Telling Time by Austin Wright

Telling Time by Austin Wright

Author:Austin Wright
Language: eng
Format: epub
Publisher: Atlantic Books


MELANIE CAIRO: To Dr. Parch or Dr. Saunders

Hard to distinguish between his grief if he has any and his sickness. Quiet, lethargic, morose as usual. Or do I mean Dr. Saunders, Parch or Saunders in the living room with such a crowd I don’t dare write yet, especially if it’s Saunders not Parch I’m writing to. The distractive question of the other man, this man of last year’s beach house, and me nervous and fearful not of what he would do but of what I would feel. Since last summer I’ve grown to hate the memory, shabby and dirty in retrospect not seen at the time. Ashamed not for infidelity (no longer a useful term, the man soothingly told me) but for cheap excitement and obese emotion. I’ve not been able to expel the image of his secret sticking out like a red carrot through all that civic dignity and control. I couldn’t recall what captivated me. Nothing captivated me. It was an opportunity to experiment on myself, but the instrument was crude.

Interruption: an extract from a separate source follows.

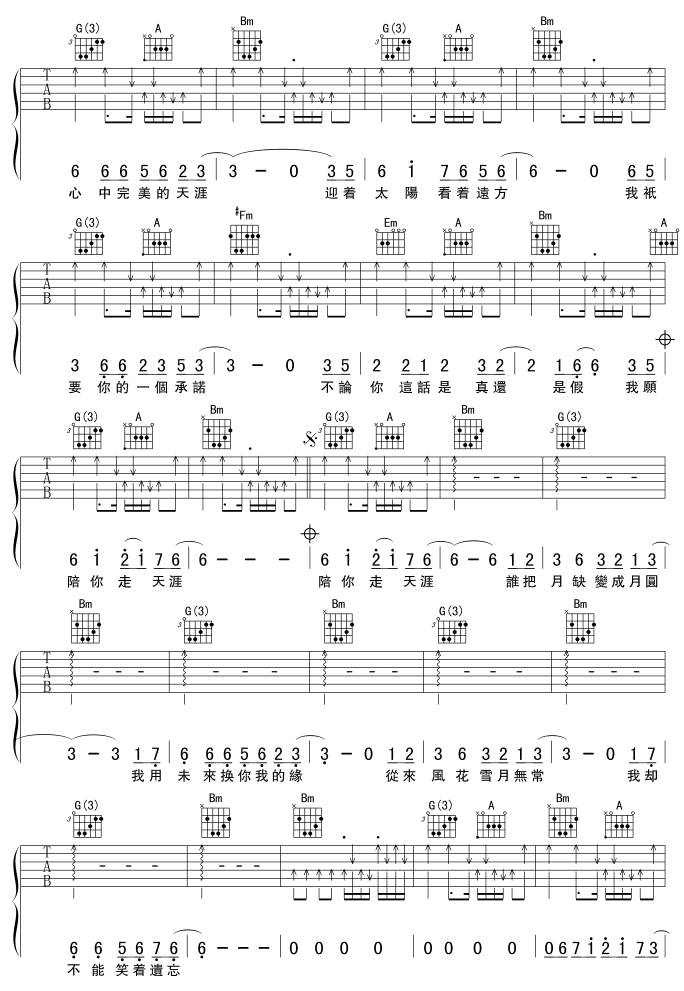 天涯吉他谱第3页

I was surprised to be so jumpy about meeting him again. But when he arrived yesterday and I saw again the shielded gray look covering so much unsaid interpreting and recalled his hidden carrot of truth, why then Dr. Parch or do I mean Saunders my nervousness vanished and I felt secure.

I was determined that what happened once last summer back of the beach would not repeat this year, certainly not in the middle of grief, nor be mentioned or thought, erased from history as if it never was. I was determined that he conspire with me on this. But tonight as we sit here all these people in the living room and dining room, the young ones playing games, I’ve been aware of his eyes not looking at me knowingly and no longer with contempt if it ever was contempt, and there was the moment by the front door but only for a second as if to create an event. It was about the strain of taking care of my depressed husband, and I felt sympathy projected at me not like a carrot but a flame. So that all evening while I think notes for Dr. Parch I find myself thinking notes for Dr. Saunders about how it could be done again if that were to happen which I vow won’t in the house or the Inn, but would a room at the Motel beyond the harbor be too dangerous, or might a safe wilderness be found along the beach like last summer or an empty beach house not in use at this time of year, and how much time might go unnoticed, what could be done with the husband, how could the wife be distracted? I try to dismiss the sentimental questions (how could you think of it at a time like this) because the fact is, I am thinking of it with him sitting across from me reading a magazine, and remembering we are the in-laws, the invited outsiders.